Starr’s Chosen Successor Draws Praise, Criticism

From the Washington Post

When Robert W. Ray takes over independent counsel Kenneth W. Starr’s investigation of President Clinton next week, he will bring a history degree from Princeton, a stint in Manhattan’s best legal proving grounds and the burden of having been on the controversial team that unsuccessfully prosecuted former Agriculture Secretary Mike Espy.

Ray, who sources say will officially be appointed to succeed Starr by a three-judge panel early this week, will be charged with completing the remnants of an investigation that has seemed far from center stage since Clinton’s acquittal in Senate impeachment proceedings in February. Among the questions Ray will face are whether Democratic fund-raiser Nathan Landow tampered with potential witness Kathleen Willey in the Paula Corbin Jones sexual harassment lawsuit and whether to bring indictments in the White House Travel Office scandal--a determination that could touch upon the role of First Lady Hillary Rodham Clinton.

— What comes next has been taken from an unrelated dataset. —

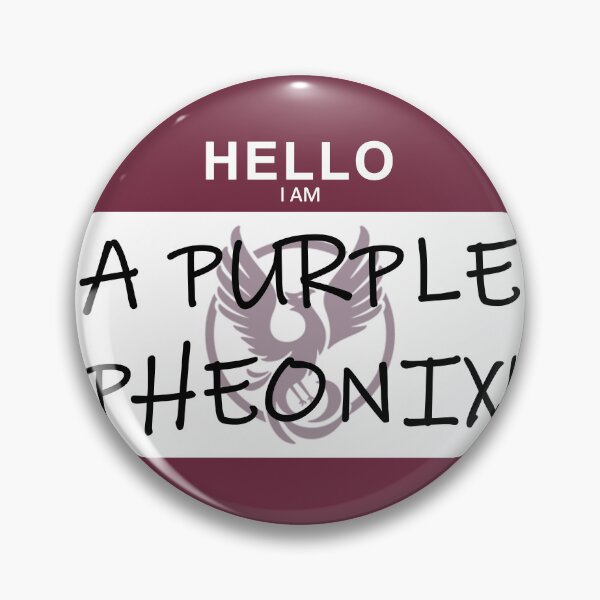 Item preview, MHC Purple Pheonix Name Tag designed and sold by SpoonDealer.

The White House was quick to complain about Ray’s selection. “It’s somewhat of a dubious proposition that someone involved both in the Espy investigation and the Starr operation [is] getting a promotion,” said Clinton spokesman Joe Lockhart. Espy, who had been charged with accepting gifts from businesses he was regulating, was acquitted of all charges in 1998.

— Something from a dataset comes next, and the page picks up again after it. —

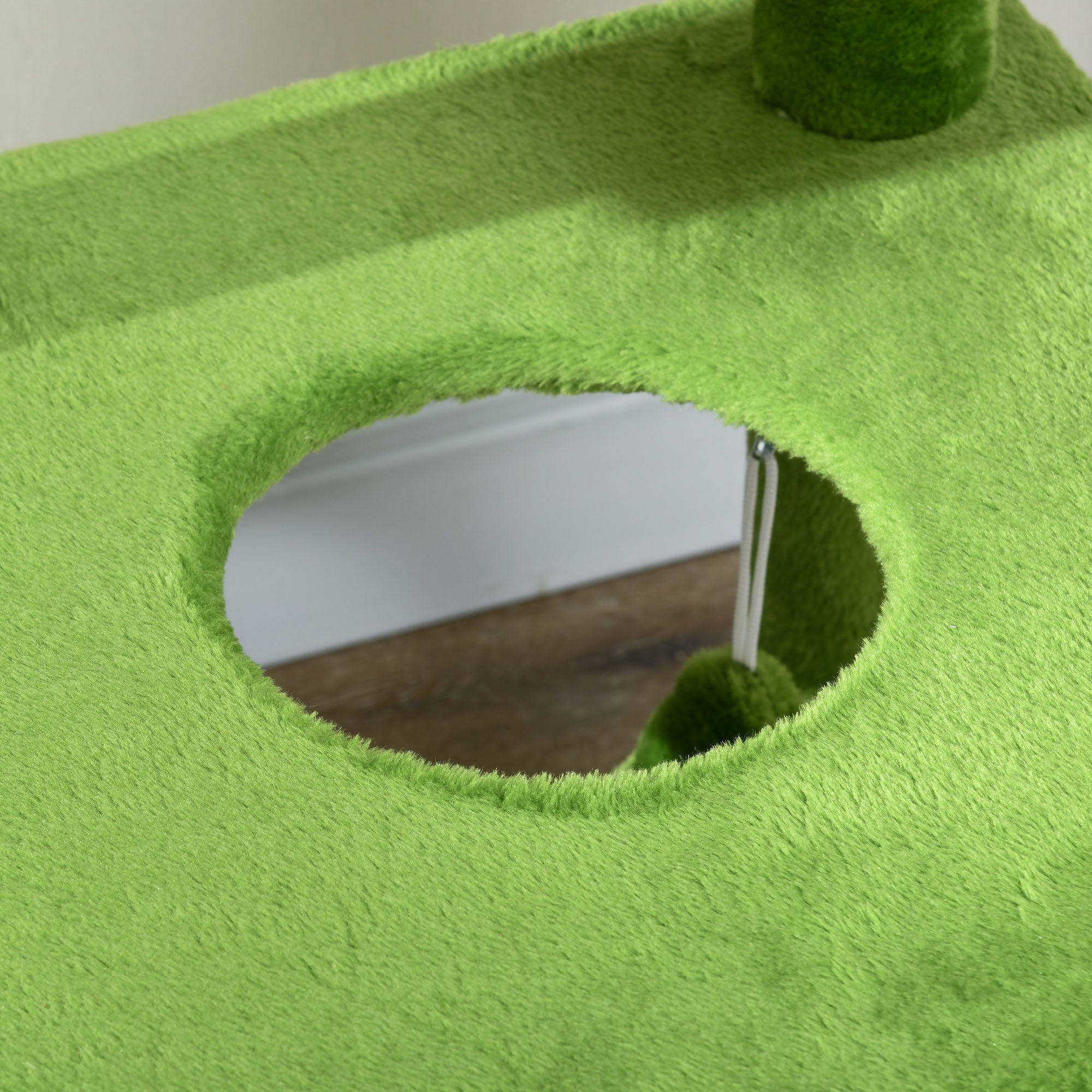 Cat Scratching Post 142cm, Cat Tree with Hammock, Ball Toy, Sisal Scratching Posts, and Anti-toppling System, Green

Ray, 39, has been a senior litigation counsel in Starr’s office since April. During that time, he was lead prosecutor in a tax evasion case against Webster L. Hubbell. He negotiated a misdemeanor tax violation guilty plea, which is now pending before the Supreme Court. Ray’s evenhanded dispatch of this case played a part in the decision to select him, according to a source close to the process.


“Some of my negotiations with Bob Ray would not be fit to print in a family newspaper,” said Hubbell’s attorney Peter J. Romatowski. “But I found him basically to be a decent, honorable and very aggressive adversary.”

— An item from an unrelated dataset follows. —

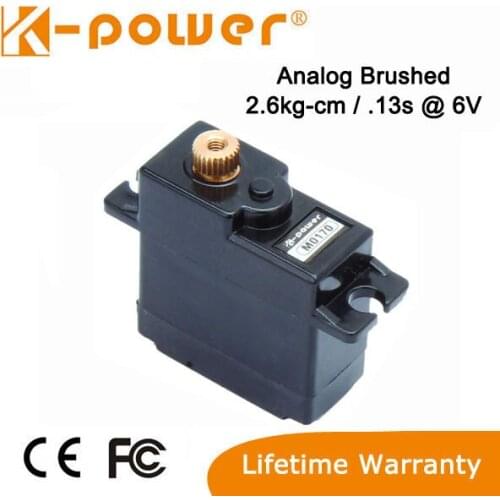 10pcs K-power M0170 2kg torque mini analog servo rc plane servo 17g metal gear servo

Ray’s four years working with independent counsel Donald C. Smaltz’s investigation of Espy provoked more divided reactions. Ray joined Smaltz’s office in 1995 and rose to be second in command. Smaltz had no experience as a prosecutor, and those who did, such as Ray, found themselves in an office that provoked high passions among their former colleagues in the white-collar bar.

One of the questions about Ray has been the extent of his role in some of Smaltz’s controversial judgment calls, which included a decision to prosecute Espy’s brother (who was ultimately acquitted) and moving a case against Richard Douglas, an African American lobbyist, to San Francisco to avoid a black jury in Washington, D.C.

“I do think he’s basically a decent, fair-minded person, but you really have to question that in light of his affiliation with Smaltz,” said Elliot Peters, an attorney for Douglas who was also a colleague of Ray’s in the U.S. attorney’s office in New York’s Southern District.


“I know him extremely well,” said Reid H. Weingarten, Espy’s attorney. “I came to believe that Bob Ray was an honorable lawyer and a good guy. I was impressed with his technical legal skills. He’s a very good trial lawyer. Having said that, I’m quick to add we scored a decisive victory and believe the case was dramatically overcharged.”

Ray was not lead counsel in the Espy case. But his successful prosecutions of two Tyson Foods executives for their dealings with Espy drew harsh criticism from one defense lawyer.

“Bob Ray is a person of astoundingly bad judgment,” said Barry W. Levine, who represented Tyson executive Jack L. Williams. “I think he has never found a peccadillo that he didn’t think was worthy of the most vigorous prosecution.”

Levine noted that Ray had failed to gain convictions on serious charges against Williams, who was instead found guilty only on one count of making false statements to government officials. Ray successfully prosecuted the other Tyson official, lobbyist Archibald R. Schaffer, for making an illegal gift to Espy.

Smaltz declined to comment on Ray’s tenure in his office. But Barry Coburn, another Smaltz alumnus, said: “There were moments of extreme pressure, tension and discomfort in the Espy cases, and Bob handled himself with an unusual degree of poise. . . . I don’t think the White House knows Bob Ray very well, and I think if they knew him better they would probably have a great deal of confidence in his judgment and the wisdom of his selection.”

Ray graduated magna cum laude from Princeton in 1982 and received his law degree from Washington and Lee University in Lexington, Va., in 1985. He joined the prestigious U.S. attorney’s office in the Southern District of New York in 1989, working public corruption, organized crime and narcotics trafficking cases.